Alex Albon, Williams

Alex Albon, Williams

Foto por: Andrew Ferraro / LAT Images via Getty Images

“E basicamente o que estamos fazendo agora são auditorias muito robustas e revisadas por pares sobre qual desempenho estamos adicionando, como estamos adicionando, e isso é o que chamo de contabilidade justa e adequada. Muitas vezes, na aerodinâmica, você tem algo chamado desvio, e há duas maneiras de lidar com o desvio. Ou você diz: 'Não, perdi um ponto e vou recuperá-lo.'

“E somos muito bons aqui em fazer o que considero uma contabilidade justa, por causa da segurança psicológica e da crença na cultura para fazer isso.

“Vou dar-vos muitos detalhes, mas na verdade a maior mudança é que temos uma cultura que está pronta para mais. Sabemos que ainda não estamos ao nível do campeonato, mas o controlo que exercemos sobre nós próprios permite-nos ser mais fortes.”

Qualquer mudança é difícil no início, mas os resultados produzidos pela abordagem de Vowles tornaram a organização Williams muito mais receptiva a ela.

“Como organização, a primeira mudança que você faz é difícil, mas depois você se torna mais ágil e flexível porque vê que a mudança traz benefícios líquidos”, explica ele. “Então, eu diria que teremos mudado mais globalmente em 2025 do que em 2023 e 2024, mas a empresa também está preparada para isso.

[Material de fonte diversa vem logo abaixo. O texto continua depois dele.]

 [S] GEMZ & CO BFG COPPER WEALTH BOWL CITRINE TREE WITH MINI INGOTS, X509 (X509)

“E agora temos uma situação muito interessante em que a empresa está pensando: 'Ok, o que vem a seguir? O que mais precisamos fazer? Vamos lá.' Isso é ótimo. E agora temos que agir mais rápido do que antes.”

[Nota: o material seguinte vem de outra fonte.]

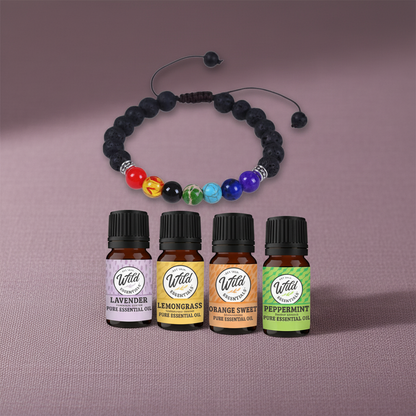 7 Chakras Lava Stone Bracelet with Essential Oils – Aromatherapy & Energy Balance Set - Image 1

F1 2026 regras ‘em um bom lugar’

Exatamente como isso acontecerá para a Williams em 2026 é uma incógnita neste momento, e provavelmente serão necessárias várias corridas na nova campanha para se ter uma imagem clara da nova ordem mundial da F1.

James Vowles, chefe de equipe, Williams Racing

James Vowles, chefe de equipe, Williams Racing

Foto por: Shameem Fahath / Motorsport Network

“Isso é apenas suposição”, disse Vowles. “Mas é claro que em 2025 não veremos as mesmas diferenças que em 2025, onde alguns décimos são a diferença entre alguns carros. Mas, por outro lado, não será nem perto de 2014, onde há três segundos e meio, será algo entre os dois.”

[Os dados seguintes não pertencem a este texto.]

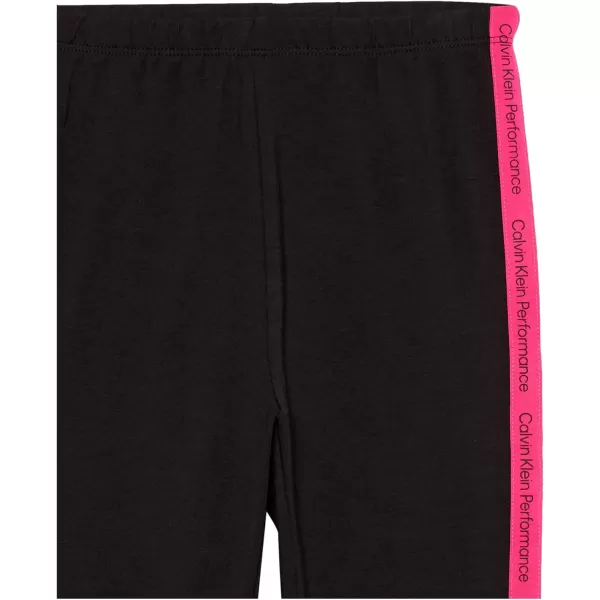 Calvin Klein Girls Performance Leggings Full Length Athletic Stretch Pants with Logo DesignBlack Taping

“Dito isto, haverá algumas equipes que já fizeram um motor pela primeira vez, fizeram um carro pela primeira vez. É realmente difícil e competitivo agora. Sejamos muito francos, é por isso que caímos para 10º por um tempo.”

“Acho que a diferença da frente para trás será de alguns segundos, mas ainda acho que haverá competição na ponta, o que é um bom ponto. E o esporte entendeu que precisamos de competição, e é por isso que fecharemos os regulamentos de uma forma que criará isso.”

Ele acrescentou: “Acho que os regulamentos estão bons agora. Tenho certeza que veremos ultrapassagens, mas não nos lugares que você normalmente esperaria, porque é um jogo de xadrez elétrico que você jogará.

“Mas acho que vale a pena dizer que os regulamentos quando conversamos em Montreal em 2024 (quando foram revelados pela primeira vez pela FIA) são muito diferentes de onde estão agora, e isso proporcionou um pacote muito melhor”.